Jamie Corcoran

Personal information
- Full name: Jamie Corcoran
- Born: 10 December 1968 (age 56)

Playing information
- Position: Centre
Club
| Years | Team | Pld | T | G | FG | P |
| 1989–91 | Canterbury Bulldogs | 35 | 8 | 21 | 0 | 74 |
| 1993 | Balmain Tigers | 18 | 3 | 15 | 0 | 42 |
| 1994–95 | South Sydney | 16 | 5 | 0 | 0 | 20 |
| 1996 | Wakefield Trinity | 7 | 1 | 2 | 0 | 8 |
|  | Total | 76 | 17 | 38 | 0 | 144 |
- Source: As of 20 February 2024

= Jamie Corcoran =

Australian rugby league footballer

Jamie Corcoran is an Australian former professional rugby league footballer who played in the 1980s and 1990s.

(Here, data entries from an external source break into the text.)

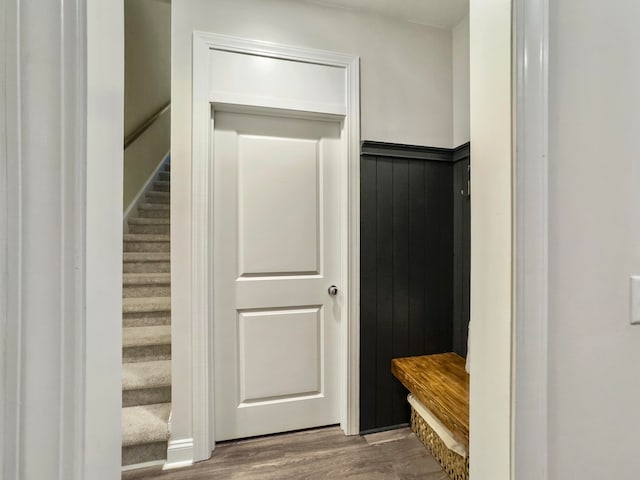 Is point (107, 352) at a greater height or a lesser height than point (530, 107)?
lesser

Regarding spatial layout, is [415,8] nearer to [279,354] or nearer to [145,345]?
[279,354]

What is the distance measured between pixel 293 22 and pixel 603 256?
6.23 feet

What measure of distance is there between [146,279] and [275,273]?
1273mm

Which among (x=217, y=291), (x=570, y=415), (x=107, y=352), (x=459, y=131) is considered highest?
(x=459, y=131)

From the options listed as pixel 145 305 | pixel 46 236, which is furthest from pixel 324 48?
pixel 145 305

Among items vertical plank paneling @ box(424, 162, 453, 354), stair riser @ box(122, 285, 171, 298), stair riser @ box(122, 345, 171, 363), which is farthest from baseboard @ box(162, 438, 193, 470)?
vertical plank paneling @ box(424, 162, 453, 354)

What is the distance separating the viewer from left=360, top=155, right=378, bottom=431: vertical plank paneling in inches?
73.2

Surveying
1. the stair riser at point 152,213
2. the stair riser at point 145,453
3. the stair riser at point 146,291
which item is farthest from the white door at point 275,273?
the stair riser at point 152,213

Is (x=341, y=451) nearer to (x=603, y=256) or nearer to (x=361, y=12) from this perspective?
(x=603, y=256)

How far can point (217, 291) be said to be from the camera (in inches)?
68.7

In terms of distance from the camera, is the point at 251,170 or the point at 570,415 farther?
the point at 251,170

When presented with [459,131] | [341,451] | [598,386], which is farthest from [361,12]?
[341,451]

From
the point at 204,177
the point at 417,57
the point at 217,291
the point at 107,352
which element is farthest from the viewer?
the point at 417,57

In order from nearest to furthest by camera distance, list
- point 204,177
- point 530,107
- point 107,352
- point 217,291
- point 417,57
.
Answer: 1. point 107,352
2. point 530,107
3. point 204,177
4. point 217,291
5. point 417,57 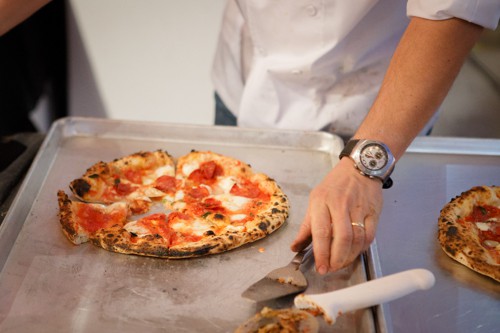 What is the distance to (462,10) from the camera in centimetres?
162

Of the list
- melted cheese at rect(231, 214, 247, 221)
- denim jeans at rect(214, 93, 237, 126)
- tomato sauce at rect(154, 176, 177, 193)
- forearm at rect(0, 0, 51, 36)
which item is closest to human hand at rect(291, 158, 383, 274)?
melted cheese at rect(231, 214, 247, 221)

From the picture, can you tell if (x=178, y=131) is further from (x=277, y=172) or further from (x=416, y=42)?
(x=416, y=42)

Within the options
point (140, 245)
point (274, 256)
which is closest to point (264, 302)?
point (274, 256)

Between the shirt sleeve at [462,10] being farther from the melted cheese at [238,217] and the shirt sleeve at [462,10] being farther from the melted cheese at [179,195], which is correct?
the melted cheese at [179,195]

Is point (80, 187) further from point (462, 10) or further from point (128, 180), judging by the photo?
point (462, 10)

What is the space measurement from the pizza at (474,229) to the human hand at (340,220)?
1.03 feet

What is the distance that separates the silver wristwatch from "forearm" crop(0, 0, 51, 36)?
1.16 m

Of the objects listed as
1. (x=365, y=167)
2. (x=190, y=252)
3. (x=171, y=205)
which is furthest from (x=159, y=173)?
(x=365, y=167)

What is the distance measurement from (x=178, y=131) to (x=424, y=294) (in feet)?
3.52

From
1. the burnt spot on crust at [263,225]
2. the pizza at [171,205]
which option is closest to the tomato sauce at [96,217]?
the pizza at [171,205]

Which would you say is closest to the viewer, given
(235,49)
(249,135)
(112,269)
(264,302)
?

He played for Canterbury-Bankstown, Balmain and South Sydney in the NSWRL competition. He also played for Wakefield Trinity in England.

==Playing career==
In round 2 of the 1989 NSWRL season, Corcoran made his first grade debut for the defending premiers Canterbury against Cronulla at Belmore Sports Ground scoring one try and kicking three goals in a 22–2 victory. Corcoran would play infrequently with the Canterbury club over the next three seasons. He would later have stints with Balmain and South Sydney. In 1996, Corcoran played one season with Wakefield Trinity in England.